The shadow foreign secretary said Mr Assad, who has presided over a civil war which has killed more than 450,000 people and displaced 11 million, may not be “as overwhelmingly unpopular as the rebels told the West".
The Assad regime, which has been backed by Russia since 2015, has repeatedly been accused of using chemical weapons.
In an interview with the magazine Prospect, Ms Thornberry said: “There is an argument that if [President Assad] had been as overwhelmingly unpopular as the rebels told the West at the outset, then he wouldn’t be there.
“I think there has been a depth and a breadth of support for Assad that has been underestimated.”
Elsewhere in the interview, Ms Thornberry said foreign forces, including Britain, which has struck Isis targets as well as the Syrian regime's chemical weapons facilities, need to leave the country.

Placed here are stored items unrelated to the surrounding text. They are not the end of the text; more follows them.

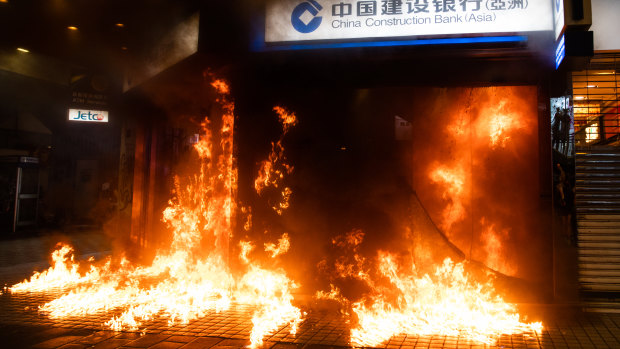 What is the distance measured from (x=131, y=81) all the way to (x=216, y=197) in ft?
15.2

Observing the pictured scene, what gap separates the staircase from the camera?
616cm

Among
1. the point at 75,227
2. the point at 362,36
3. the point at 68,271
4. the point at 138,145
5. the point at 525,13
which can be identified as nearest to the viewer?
the point at 525,13

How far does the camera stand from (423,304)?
6090 mm

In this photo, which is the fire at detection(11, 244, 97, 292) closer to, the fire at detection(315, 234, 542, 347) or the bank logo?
the fire at detection(315, 234, 542, 347)

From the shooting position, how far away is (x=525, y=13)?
20.7 feet

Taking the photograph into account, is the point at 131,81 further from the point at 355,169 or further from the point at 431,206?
the point at 431,206

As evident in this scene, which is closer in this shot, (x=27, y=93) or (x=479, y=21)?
(x=479, y=21)

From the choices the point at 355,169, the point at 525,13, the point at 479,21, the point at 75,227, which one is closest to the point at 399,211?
the point at 355,169

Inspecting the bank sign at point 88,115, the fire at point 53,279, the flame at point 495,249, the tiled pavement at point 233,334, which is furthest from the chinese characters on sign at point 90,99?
the flame at point 495,249

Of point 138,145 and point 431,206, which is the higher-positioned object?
point 138,145

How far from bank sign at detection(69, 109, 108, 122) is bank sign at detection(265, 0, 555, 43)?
8.22m

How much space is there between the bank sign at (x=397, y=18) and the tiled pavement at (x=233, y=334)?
4651 mm

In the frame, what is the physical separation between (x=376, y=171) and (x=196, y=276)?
4.16m

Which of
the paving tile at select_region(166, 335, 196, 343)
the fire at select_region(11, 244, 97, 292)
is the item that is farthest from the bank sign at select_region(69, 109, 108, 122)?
the paving tile at select_region(166, 335, 196, 343)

"They're not fighting for the sake of the Syrian people," she said.
She also suggested the UK should back peace talks overseen by Russia in Sochi. “I think we should be working with whatever works, for the sake of the Syrian kids. None of this is revolutionary,” she said.
Ms Thornberry refused to denounce Russia for vetoing 11 UN Security Council resolutions, saying: "People will always block resolutions. If you look at the number of resolutions America has blocked, I mean that’s the way of politics.”

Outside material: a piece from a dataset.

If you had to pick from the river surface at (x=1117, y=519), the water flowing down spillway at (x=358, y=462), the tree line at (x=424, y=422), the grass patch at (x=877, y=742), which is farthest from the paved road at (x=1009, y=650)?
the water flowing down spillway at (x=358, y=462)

Her comments drew the ire of Kristyan Benedict, the UK campaigns manager for Amnesty International.
“Maybe @EmilyThornberry believes elections in Syria are ‘free & fair’ and believes the ludicrous numbers Assad gets,” he tweeted.
“Maybe she should talk to Syrian human rights activists who’ve had to escape Syria because they dared to call for genuine elections & democracy.”
In a later tweet, he said: “In Assad’s prison state, it’s a case of ‘love me or I’ll kill you’.”